DURHAM — Investigators are trying to determine if self-described anarchists were responsible for damage to Durham Police headquarters during a Friday night march protesting a teenager’s death in the back seat of a police car.
Police Chief Jose Lopez said Monday the investigation is ongoing.
Nearly 200 people gathered for a peaceful protest Friday in remembrance of Jesus Huerta, 17, the Riverside High School student who died from a gunshot wound while in the back of a police car.
As the march moved from CCB Plaza to police headquarters, it picked up followers. Some wore black-hooded sweatshirts, ski masks and bandanas and began yelling at police and throwing firecrackers at officers, the headquarters building and police cars.

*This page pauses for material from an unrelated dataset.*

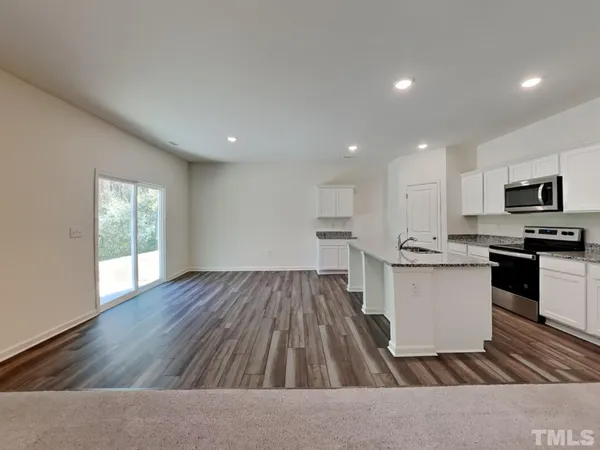 a open kitchen with kitchen island white cabinets and stainless steel appliances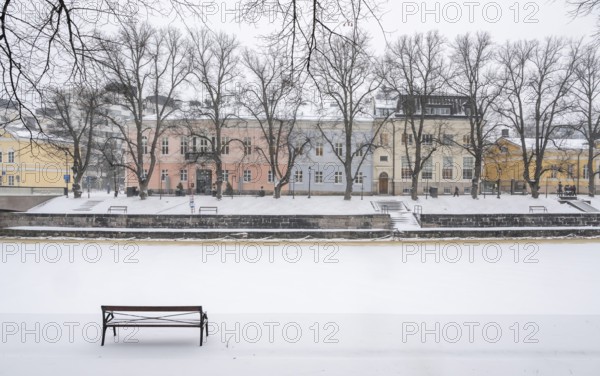 Bench, historic buildings on the frozen Aurajoki River, wintery Turku or Swedish Åbo, Varsinais-Suomi, Finland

One police vehicle was damaged as well as the windows of the building. Two people were charged.
Lopez called Chapel Hill Police Chief Chris Blue after the protest, Blue said.
The masked people looked similar to self-described anarchists who occupied vacant buildings in Chapel Hill and Carrboro in recent years. Friday’s march also occurred during the weekend of an anarchist book fair in Chapel Hill. Blue said it was a reasonable inference.
“I drew a similar conclusion,” Blue said, but added, “We don’t have any concrete information.”
Rafael Estrada, a march organizer, released a statement Monday maintaining that neither the march organizers nor the Huerta family were involved in the damage in any way.
“The windows will be replaced, but Chuy’s (Huerta’s) life can’t be brought back,” said the statement, signed “Organizers of the March for Justice.”
“Justice for Chuy means justice for all; it means the end of racial profiling, the end of assuming that every brown or black youth that is on the street is a criminal, the end of constant aggression by the police against communities of color,” the statement continued. “The windows are a distraction; what we want is justice.”
Staff writer Mark Schultz contributed to this story.